分析:
這個題目的數學模型是,把集合p1, p2, p3, ..., pn分儘量多組,使得每組的並集等於S全集,其中pi表示i於i相鄰的頂點組成的集合,每組等於一個服務
把一個集合表示二進制的形式,狀態f[i]表示i所表示的集合最多分成多少組
f[i] = max(f[j]| j的並集等於S)+1
Code:
#include <set>
#include <map>
#include <cmath>
#include <ctime>
#include <stack>
#include <queue>
#include <deque>
#include <vector>
#include <cstdio>
#include <bitset>
#include <cstdlib>
#include <cstring>
#include <algorithm>
using namespace std;
#define DIR 4
#define DIM 2
#define STATUS 2
#define MAXN 1<<17
#define MAXM 100000 + 10
#define oo (~0u)>>1
#define INF 0x3F3F3F3F
#define REPI(i, s, e) for(int i = s; i <= e; i ++)

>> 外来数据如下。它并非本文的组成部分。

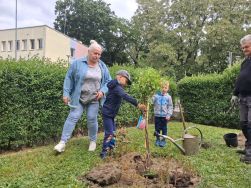 Słoneczka sadzą drzewo (1)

#define REPD(i, e, s) for(int i = e; i >= s; i --)
static const double EPS = 1e-5;
int f[MAXN], cover[MAXN], each[17];
int main(int argc, char const *argv[])
{
#ifndef ONLINE_JUDGE
freopen("test.in", "r", stdin);
#endif
int n, m, v, cnt(1), terminal;
while( scanf("%d", &n) ) {
if( !n ) {
break;
}
//init each
REPI(i, 0, n-1) {
each[i] = (1<<i);
scanf("%d", &m);
REPI(j, 1, m) {
scanf("%d", &v);
each[i] |= (1<<v);
}
}
//init cover
REPI(i, 0, (1<<n)-1) {
cover[i] = 0;
REPI(j, 0, n-1) {
if( i&(1<<j) ) {
cover[i] |= each[j];
}
}
}
//f[s] = max(f[sub_set]| cover[sub_set]=terminal)+1
terminal = (1<<n)-1;
REPI(s, 0, (1<<n)-1) {
f[s] = 0;
for(int sub_set = s; sub_set; sub_set = (sub_set-1)&s) {
if( terminal == cover[sub_set] ) {
f[s] = max(f[s], f[s^sub_set]+1);
}
}
}
printf("Case %d: %d\n", cnt ++, f[terminal]);
}
return 0;
}uva_11825_Hackers' Crackdown (狀態壓縮DP,好題)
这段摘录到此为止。